A school administrator walks back, looking curiously and calmly for the sounding alarm’s source. She bends over the bag, as if to move it, and said bag’s owner – the school photographer – swoops in and rescues his bag, silences the troublesome alarm. Silences my runaway brain. At least momentarily. But my peace is rattled, my Zen cover blown.

I’m disheartened that this is what our world has come to. That we are inundated with news of bad things that happen to good people, in what we expect to be good, safe places, ALL THE TIME. That we can’t sit peacefully, prayerfully, in our sweet kids’ precious school during mass, where we send our beloved children to learn and to grow, and NOT be reminded that it could all turn on a dime . . . well, that’s no good. That an unfamiliar, untimely alarm can sound and cause us to jump (if only on the inside so as not to startle the children – many of whom I personally know already have more and deeper shudders at bumps in the night than we could have ever fathomed . . .).

It’s a hard world to live in, to make sense of, to not be overwhelmed by.

And we wonder why our kids are scared. Why we are scared. Anxious. High-strung. Always on the look out, watching for the next bad thing: war, Ebola, Ferguson, Sharia Law, sexual slavery, global warming . . . It’s too much. What our kids are learning in this brave, new world is that we always have to be a little distrustful, a little wary.
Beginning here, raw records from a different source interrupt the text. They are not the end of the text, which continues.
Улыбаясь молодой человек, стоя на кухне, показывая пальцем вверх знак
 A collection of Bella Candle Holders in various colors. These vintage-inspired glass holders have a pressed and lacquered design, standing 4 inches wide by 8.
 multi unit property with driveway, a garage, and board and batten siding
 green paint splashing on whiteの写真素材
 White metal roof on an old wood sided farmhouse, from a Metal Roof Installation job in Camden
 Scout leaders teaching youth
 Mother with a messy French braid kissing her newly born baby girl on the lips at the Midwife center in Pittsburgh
And that SO goes against the grain of anything I believe in or am about that in my very, most centered space, I am UNWILLING TO ACCEPT IT.

You heard me. Call me stupid. Naïve. Blind. Tell me I’m putting my head in the sand. Whatever. Here is what I know. What I believe. Where I’m willing to put my time and energy. In good thoughts. In loving acts. In kindness and compassion toward others. In reaching out. In helping those that are scared or hurt or healing. What I know and believe is that energy in, equals energy out. What we give, we receive. What we put out, we get back. Where we focus our energy, is what we see in our lives.
Karma is real.

Like when I was writing this essay and out of one of my notebooks fell a poem by St. Francis of Assisi, in my dad’s distinct, handwriting, tucked in the front cover, a reminder to me about who I can always choose to be in this one big world and life of mine:
Lord, make me an instrument of Thy peace; where there is hatred, let me sow love; where there is injury, pardon; where there is doubt, faith; where there is despair, hope; where there is darkness, light; and where there is sadness, joy.
O Divine Master, grant that I may not so much seek to be consoled as to console; to be understood, as to understand; to be loved, as to love; for it is in giving that we receive, it is in pardoning that we are pardoned, and it is in dying that we are born to eternal life.
Amen.
Any who knew my dad would know that he eschewed organized religion. Yet he was a deeply contemplative and spiritual man. Drawn to universal messages of love, connection, and illumination by many spiritual teachers (Rumi, Kabir, Buddha, and Chief Seattle to name a few), the apples have clearly not fallen far from the tree. My brother Chris wrote his own version of a peace prayer and though my dad never saw this, he would be proud to see how clearly he is represented in the many life lessons my brother and I embody.